Dans une apparence soigneusement rédigée, le président Vladimir V. Poutine a convenu qu’il devrait être autorisé à demander deux autres mandats, si la Cour constitutionnelle est d’accord.

Sous l’impulsion du président Vladimir Poutine, la chambre basse du Parlement russe a adopté mardi une loi lui permettant de briguer un cinquième mandat à la présidence. Poutine, qui a 67 ans et a été élu pour la première fois en 2000, a indiqué que la législation devrait encore être approuvée par la Cour constitutionnelle de la Russie et lors d’un plébiscite national en avril. Mais dans le système politique étroitement contrôlé de la Russie, la vague d’événements chorégraphiés de mardi était le signe le plus évident qu’après 20 ans en tant que président ou Premier ministre, Vladimir Poutine se prépare à rester au Kremlin pour, peut-être, le reste de sa vie.

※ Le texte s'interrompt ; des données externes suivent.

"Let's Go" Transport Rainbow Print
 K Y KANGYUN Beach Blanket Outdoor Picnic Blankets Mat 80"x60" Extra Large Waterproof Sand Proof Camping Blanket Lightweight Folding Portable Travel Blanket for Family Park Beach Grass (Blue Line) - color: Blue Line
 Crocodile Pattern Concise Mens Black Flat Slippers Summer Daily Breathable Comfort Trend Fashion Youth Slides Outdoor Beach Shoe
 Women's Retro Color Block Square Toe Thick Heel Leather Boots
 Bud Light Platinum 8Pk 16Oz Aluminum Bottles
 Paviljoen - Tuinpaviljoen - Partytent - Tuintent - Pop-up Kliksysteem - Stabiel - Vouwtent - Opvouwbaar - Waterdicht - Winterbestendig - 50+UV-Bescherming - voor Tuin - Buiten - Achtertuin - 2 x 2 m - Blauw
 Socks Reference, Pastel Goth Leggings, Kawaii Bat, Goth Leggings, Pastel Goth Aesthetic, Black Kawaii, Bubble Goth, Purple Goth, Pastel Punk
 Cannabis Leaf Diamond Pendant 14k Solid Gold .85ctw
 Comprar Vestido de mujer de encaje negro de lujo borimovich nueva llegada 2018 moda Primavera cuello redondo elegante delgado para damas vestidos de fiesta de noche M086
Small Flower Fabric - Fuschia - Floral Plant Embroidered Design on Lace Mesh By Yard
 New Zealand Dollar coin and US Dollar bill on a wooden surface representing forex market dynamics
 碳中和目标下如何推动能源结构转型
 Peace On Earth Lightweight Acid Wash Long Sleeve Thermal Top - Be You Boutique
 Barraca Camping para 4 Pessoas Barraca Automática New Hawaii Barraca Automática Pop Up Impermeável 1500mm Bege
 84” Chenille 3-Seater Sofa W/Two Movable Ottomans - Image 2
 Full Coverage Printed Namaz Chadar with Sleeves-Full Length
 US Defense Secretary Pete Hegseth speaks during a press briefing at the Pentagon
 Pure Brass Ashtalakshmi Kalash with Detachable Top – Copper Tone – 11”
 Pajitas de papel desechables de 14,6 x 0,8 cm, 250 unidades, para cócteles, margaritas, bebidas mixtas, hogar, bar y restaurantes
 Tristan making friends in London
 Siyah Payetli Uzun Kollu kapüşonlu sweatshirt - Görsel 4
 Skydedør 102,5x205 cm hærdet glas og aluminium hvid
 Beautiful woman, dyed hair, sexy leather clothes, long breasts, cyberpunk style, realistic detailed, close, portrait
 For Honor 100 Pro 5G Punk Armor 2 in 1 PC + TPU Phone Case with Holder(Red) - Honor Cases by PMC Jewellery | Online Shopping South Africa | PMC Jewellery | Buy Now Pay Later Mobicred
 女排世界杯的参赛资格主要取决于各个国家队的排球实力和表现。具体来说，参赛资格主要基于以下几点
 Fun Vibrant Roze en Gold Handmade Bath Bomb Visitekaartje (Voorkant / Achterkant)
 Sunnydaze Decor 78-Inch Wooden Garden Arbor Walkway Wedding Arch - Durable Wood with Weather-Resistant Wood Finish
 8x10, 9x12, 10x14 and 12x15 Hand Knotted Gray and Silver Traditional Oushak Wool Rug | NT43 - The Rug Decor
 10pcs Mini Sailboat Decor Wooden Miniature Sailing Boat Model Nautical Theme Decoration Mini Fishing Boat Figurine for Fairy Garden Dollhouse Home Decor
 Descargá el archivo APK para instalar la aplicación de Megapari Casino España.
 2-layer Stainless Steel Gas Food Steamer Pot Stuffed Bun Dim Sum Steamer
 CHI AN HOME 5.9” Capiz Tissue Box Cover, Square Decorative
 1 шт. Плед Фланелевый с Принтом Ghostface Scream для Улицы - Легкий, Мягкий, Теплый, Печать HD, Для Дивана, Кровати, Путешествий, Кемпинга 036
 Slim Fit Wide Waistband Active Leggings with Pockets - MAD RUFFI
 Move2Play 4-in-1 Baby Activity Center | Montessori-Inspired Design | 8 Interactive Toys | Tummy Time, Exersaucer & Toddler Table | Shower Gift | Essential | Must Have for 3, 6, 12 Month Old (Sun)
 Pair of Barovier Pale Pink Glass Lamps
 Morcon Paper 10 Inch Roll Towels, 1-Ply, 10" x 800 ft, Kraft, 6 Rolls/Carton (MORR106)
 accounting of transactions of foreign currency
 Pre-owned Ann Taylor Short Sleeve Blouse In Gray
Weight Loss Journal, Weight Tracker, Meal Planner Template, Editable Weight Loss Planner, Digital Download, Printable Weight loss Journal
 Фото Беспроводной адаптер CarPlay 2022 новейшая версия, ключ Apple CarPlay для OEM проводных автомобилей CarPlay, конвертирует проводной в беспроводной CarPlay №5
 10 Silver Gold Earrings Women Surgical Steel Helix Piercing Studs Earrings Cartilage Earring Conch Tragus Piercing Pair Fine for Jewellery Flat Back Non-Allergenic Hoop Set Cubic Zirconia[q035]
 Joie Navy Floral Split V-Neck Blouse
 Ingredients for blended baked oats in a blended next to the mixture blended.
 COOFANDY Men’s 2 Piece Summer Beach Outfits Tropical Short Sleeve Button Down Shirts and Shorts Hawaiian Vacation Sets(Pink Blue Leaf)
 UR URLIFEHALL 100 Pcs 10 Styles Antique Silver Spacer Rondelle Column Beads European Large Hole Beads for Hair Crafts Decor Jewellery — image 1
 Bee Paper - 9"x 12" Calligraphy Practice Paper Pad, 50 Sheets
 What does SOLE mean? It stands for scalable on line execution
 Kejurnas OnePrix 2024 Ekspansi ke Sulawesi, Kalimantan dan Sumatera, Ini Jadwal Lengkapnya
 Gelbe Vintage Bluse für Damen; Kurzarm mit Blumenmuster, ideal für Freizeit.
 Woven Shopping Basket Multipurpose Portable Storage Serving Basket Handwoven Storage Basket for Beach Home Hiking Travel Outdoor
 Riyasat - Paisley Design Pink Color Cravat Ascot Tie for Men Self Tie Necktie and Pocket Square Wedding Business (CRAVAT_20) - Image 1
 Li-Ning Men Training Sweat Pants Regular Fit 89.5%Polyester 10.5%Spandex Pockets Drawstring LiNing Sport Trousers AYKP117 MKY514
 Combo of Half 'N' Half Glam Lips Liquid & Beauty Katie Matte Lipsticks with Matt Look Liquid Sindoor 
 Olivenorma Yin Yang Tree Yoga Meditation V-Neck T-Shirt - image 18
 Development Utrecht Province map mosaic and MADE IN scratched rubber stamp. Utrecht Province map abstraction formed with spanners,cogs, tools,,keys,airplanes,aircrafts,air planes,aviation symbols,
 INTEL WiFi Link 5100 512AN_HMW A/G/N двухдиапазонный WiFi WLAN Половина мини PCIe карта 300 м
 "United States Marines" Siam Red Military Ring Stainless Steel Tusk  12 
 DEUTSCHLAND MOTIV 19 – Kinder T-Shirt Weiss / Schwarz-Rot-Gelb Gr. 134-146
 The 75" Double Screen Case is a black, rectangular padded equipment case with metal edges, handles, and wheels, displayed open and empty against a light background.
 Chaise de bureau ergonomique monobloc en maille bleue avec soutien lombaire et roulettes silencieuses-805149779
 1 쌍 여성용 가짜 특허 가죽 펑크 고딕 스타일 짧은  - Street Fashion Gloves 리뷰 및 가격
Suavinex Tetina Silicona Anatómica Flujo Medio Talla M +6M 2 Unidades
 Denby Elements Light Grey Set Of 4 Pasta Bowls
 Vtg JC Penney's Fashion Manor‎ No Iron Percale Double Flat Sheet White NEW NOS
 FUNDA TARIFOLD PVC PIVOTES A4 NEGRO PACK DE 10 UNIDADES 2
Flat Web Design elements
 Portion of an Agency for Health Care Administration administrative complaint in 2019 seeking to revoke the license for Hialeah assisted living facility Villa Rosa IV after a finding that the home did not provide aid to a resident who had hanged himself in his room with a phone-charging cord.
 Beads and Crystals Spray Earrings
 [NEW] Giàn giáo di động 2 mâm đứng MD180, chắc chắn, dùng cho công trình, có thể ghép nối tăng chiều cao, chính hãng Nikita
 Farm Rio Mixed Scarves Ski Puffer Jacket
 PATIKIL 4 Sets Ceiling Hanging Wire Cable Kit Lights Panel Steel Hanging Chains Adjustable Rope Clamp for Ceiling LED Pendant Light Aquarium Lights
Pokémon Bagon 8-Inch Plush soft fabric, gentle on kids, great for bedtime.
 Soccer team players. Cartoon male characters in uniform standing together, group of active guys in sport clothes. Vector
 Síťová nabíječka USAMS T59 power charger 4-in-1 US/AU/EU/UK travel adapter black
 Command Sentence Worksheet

S’il remplit deux mandats supplémentaires, Poutine occupera le poste le plus élevé de la nation depuis 32 ans, plus longtemps que Staline mais toujours à court de Pierre le Grand, qui a régné pendant 43 ans. Pour trouver des moyens d’échapper à ce qui semblait être des limites absolues à son mandat, Poutine a rejoint le président chinois Xi Jinping et le président turc Recep Tayyip Erdogan en tant que dirigeants autoritaires qui ont cherché à étendre leur pouvoir.

Dans le passé, Vladimir Poutine a procédé avec prudence, cherchant à préserver un placage de légalité. Confronté à des mandats limités en 2008, Poutine a opté pour un hiatus de quatre ans en tant que Premier ministre tandis que son protégé, Dmitri Medvedev, est devenu le président intérimaire. En janvier, il a proposé des changements constitutionnels obscurs qui, selon les analystes, indiquaient son intention de rester au-delà de la fin de son mandat actuel.

Mais mardi, Poutine a semblé jeter la prudence au vent, affirmant qu’il avait soutenu la législation proposée pour le bien du pays et sa sécurité. Le président est le garant de la sécurité de notre État, de sa stabilité interne de sa stabilité interne et évolutive , a déclaré Vladimir Poutine. Et je veux dire évolutif. Nous avons eu assez de révolutions.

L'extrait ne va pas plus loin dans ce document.